Instructions to follow> Give again, exactly as written, the lines of the records below from the line with "Ski Sundown Safety Guidelines" to the line with "10 st Blandade". Both end lines count; pictures do not.

Exercise materials>
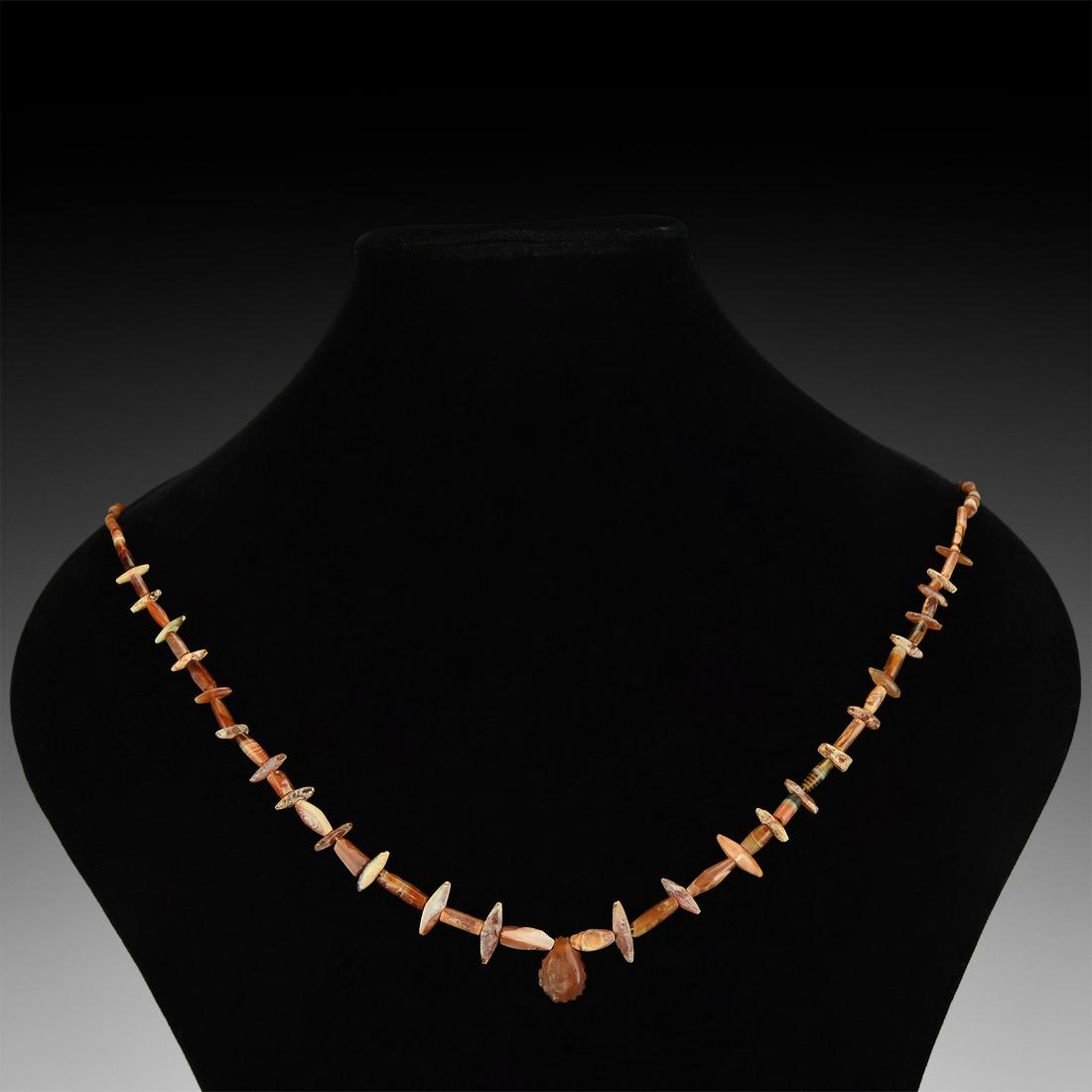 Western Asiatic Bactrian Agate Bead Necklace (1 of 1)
...
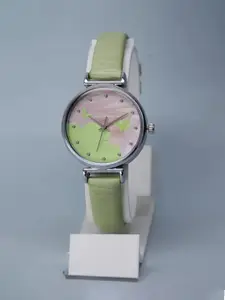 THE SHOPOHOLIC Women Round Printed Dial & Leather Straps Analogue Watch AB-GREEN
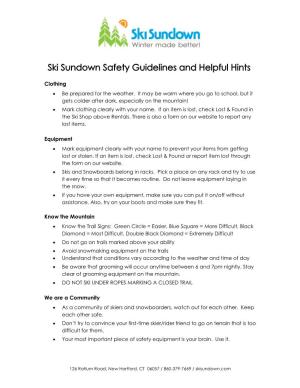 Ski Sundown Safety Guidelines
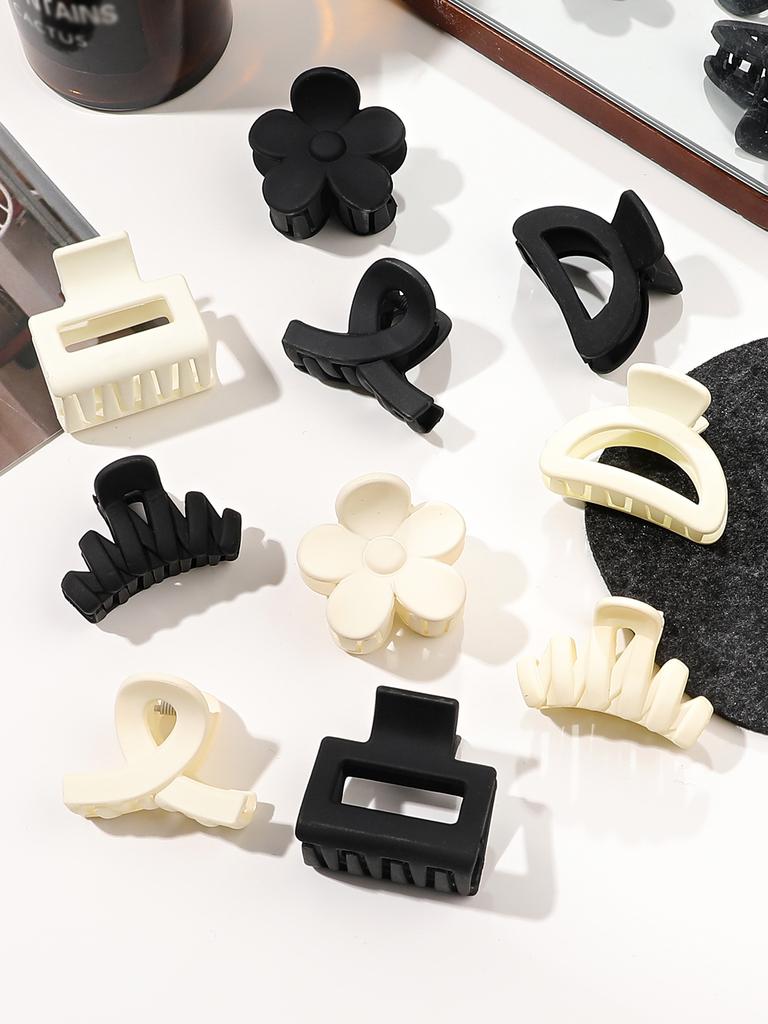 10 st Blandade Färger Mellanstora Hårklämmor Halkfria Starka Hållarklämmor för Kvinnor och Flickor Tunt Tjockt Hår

Expected answer>
 Ski Sundown Safety Guidelines
 10 st Blandade Färger Mellanstora Hårklämmor Halkfria Starka Hållarklämmor för Kvinnor och Flickor Tunt Tjockt Hår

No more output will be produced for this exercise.